"Even a Smart Cop Is a Dumb Cop."
15 November 2007
If you can look past the slickery and pretentiousness of Roland Kibbee's The Midnight Man, you'll probably find yourself enjoying 2+ hours of NBC Mystery Movie-level murder and mayhem. The cast, headed by Burt Lancaster, Susan Clark, Harris Yulin, and Cameron Mitchell provides the viewer with enough comfort and enjoyment that he or she isn't going to get too frustrated with the cheese doodle topicality, high school-level psychology, and warbling, pop-glop soundtrack.

Lancaster plays a recently paroled ex-convict who hires on as a night watchman at a small, southern university. The investigator in him goes to work when a co-ed is murdered.

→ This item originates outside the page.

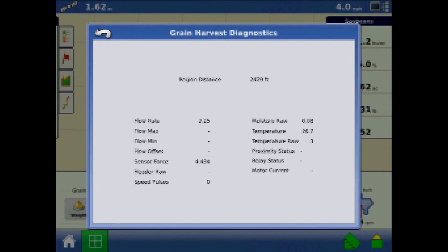Moisture raw is the raw value of the moisture sensor. Temperature is the air temperature in Celsius. Temperature raw is the raw value of the temperature sensor. Proximity sensor shows if the EMU sensor is covered in grain. Relay status shows either on or off. And lastly, motor current is a measure of EMU current in amperage.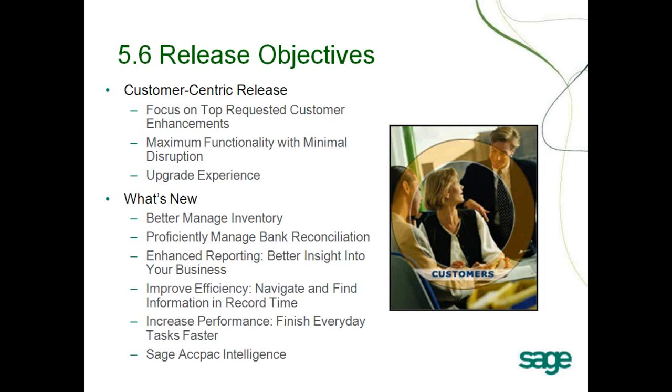The key ones today that I want to talk about are bank reconciliation, so how we streamlined that and made it better for you. We want to talk a bit about accounts receivable and some of the new options we've added to make your lives easier. The last piece I really want to cover is the Sage ACPAC Intelligence piece. Those are three areas that we've focused a lot of attention on.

As the bodies stack up and the romance blossoms between ex-con Burt and Parole Officer Susan Clark (who chews scenery while parading around in her bra), you may begin to notice you've lost track of who everyone is, or care for that matter.

Whether you see one of the edited versions (all the crudities snipped by NBC in the mid-seventies and a raunchier version on modern cable) or the uncut issue, you'll find that the plot is incomprehensible and the writing tries way too hard to be relevant, but the whole thing is strangely, ultimately satisfying because you--and not the movie--will choose not to take The Midnight Man too seriously.